▶

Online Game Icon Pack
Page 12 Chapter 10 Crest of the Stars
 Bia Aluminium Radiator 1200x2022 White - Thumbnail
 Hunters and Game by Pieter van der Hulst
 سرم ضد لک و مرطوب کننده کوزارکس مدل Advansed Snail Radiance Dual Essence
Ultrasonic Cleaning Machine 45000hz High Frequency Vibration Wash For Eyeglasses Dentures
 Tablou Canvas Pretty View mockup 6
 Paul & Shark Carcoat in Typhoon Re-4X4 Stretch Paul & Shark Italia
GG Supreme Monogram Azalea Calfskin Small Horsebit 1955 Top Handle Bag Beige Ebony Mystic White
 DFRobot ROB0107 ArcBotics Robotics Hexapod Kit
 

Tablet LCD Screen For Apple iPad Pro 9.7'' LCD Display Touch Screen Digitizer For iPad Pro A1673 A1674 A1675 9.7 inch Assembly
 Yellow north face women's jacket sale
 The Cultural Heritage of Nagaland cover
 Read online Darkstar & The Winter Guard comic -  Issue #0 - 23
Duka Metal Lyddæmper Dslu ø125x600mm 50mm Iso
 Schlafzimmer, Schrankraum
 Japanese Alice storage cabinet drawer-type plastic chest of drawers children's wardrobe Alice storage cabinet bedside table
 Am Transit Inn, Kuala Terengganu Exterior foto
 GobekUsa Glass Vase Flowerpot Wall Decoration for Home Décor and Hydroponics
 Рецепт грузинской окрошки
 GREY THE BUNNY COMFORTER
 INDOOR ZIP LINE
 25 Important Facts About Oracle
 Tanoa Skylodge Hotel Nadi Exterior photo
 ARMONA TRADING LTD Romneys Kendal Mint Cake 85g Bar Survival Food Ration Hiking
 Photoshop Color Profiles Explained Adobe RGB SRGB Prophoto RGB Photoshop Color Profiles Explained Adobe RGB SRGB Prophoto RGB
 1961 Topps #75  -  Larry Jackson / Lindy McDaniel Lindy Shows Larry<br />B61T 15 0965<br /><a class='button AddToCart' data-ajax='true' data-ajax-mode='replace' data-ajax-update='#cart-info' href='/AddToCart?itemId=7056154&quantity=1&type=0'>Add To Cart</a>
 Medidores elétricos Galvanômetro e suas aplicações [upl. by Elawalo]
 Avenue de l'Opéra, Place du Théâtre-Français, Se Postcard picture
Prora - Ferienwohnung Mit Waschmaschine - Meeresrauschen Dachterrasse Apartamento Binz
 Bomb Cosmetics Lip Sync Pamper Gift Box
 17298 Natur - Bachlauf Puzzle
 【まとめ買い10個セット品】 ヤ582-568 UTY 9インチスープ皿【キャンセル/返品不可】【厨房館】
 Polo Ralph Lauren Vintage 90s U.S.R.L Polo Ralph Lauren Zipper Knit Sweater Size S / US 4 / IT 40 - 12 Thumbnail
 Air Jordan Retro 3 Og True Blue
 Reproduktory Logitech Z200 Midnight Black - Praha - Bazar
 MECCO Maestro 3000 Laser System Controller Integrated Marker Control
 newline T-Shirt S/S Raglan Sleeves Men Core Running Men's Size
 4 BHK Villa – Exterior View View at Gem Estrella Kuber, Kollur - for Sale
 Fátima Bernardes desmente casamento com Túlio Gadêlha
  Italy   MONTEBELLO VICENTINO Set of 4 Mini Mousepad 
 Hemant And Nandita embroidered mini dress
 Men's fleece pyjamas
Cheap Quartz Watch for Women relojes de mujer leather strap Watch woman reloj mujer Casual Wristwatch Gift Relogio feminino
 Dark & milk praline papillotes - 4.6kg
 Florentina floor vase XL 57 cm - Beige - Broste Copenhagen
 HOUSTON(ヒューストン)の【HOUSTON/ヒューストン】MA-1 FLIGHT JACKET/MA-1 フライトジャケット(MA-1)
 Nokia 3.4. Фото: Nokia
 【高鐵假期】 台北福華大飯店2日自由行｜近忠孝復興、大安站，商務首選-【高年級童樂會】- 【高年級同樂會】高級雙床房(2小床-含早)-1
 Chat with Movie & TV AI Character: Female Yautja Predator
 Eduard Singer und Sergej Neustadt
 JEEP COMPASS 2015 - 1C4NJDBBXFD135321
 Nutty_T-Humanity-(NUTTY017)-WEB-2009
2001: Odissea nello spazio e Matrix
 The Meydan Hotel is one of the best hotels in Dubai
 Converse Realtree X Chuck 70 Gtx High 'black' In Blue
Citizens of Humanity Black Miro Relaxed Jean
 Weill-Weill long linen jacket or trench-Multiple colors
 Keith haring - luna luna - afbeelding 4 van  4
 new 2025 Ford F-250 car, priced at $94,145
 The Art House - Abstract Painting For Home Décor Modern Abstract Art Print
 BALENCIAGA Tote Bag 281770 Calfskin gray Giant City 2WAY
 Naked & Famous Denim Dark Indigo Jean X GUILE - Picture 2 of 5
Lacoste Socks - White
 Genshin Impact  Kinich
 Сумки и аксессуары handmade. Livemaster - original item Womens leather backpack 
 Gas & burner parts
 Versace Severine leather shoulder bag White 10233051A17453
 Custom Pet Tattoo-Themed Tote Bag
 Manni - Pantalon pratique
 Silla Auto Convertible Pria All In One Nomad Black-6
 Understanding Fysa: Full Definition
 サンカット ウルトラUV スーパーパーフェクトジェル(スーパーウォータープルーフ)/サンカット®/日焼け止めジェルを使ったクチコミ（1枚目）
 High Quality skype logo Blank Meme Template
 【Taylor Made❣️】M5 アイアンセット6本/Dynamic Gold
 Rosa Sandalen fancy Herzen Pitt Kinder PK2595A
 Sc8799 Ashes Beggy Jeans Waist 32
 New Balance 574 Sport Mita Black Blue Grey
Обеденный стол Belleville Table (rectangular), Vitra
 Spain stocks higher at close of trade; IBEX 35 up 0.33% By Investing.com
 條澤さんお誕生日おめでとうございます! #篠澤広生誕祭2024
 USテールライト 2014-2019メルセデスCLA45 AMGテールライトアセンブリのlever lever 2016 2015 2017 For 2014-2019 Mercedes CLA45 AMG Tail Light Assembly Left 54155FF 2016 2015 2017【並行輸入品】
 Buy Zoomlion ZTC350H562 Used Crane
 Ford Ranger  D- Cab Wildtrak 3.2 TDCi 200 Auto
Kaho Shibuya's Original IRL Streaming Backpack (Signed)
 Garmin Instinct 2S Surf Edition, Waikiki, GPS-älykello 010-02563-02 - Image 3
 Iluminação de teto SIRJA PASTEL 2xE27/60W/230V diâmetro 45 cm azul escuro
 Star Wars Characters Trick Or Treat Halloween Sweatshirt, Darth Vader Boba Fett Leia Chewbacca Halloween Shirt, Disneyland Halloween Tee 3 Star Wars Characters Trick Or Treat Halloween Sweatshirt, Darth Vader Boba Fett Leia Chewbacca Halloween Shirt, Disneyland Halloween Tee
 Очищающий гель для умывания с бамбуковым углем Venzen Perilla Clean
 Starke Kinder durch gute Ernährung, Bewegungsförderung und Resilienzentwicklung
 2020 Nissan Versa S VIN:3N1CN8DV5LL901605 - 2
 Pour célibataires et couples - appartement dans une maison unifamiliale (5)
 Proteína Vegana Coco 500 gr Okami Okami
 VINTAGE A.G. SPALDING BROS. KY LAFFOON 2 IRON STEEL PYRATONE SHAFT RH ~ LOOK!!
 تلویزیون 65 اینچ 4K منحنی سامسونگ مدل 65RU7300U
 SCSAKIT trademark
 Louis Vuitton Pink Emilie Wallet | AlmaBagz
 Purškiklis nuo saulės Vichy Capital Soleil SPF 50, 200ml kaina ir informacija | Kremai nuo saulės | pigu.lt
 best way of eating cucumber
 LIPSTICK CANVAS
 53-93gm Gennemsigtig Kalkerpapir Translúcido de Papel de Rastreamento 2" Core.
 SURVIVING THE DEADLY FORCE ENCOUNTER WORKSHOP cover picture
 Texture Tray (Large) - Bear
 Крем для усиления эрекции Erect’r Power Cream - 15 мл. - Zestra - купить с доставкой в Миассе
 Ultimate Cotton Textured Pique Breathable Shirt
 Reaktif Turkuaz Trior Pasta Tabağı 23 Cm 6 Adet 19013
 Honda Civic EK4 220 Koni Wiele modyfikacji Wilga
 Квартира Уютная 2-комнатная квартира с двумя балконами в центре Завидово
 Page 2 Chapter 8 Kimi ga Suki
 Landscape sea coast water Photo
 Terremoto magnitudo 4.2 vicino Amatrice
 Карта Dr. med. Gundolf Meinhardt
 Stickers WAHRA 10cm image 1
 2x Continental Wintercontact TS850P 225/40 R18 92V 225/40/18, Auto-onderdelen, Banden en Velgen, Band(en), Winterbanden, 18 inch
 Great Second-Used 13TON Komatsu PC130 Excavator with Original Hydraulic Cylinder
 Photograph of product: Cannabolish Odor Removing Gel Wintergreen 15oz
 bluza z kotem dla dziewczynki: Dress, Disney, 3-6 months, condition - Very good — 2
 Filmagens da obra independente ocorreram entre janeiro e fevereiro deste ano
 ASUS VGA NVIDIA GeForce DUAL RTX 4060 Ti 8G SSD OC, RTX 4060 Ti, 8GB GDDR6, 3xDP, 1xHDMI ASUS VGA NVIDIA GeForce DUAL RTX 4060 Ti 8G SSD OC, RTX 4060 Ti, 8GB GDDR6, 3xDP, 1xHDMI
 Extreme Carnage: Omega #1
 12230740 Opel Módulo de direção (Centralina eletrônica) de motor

◀

- _WORK REQUEST_: Search the records for the string "Décor" and return every line in which it occurs.

- _TASK RESPONSE_:
 GobekUsa Glass Vase Flowerpot Wall Decoration for Home Décor and Hydroponics
 The Art House - Abstract Painting For Home Décor Modern Abstract Art Print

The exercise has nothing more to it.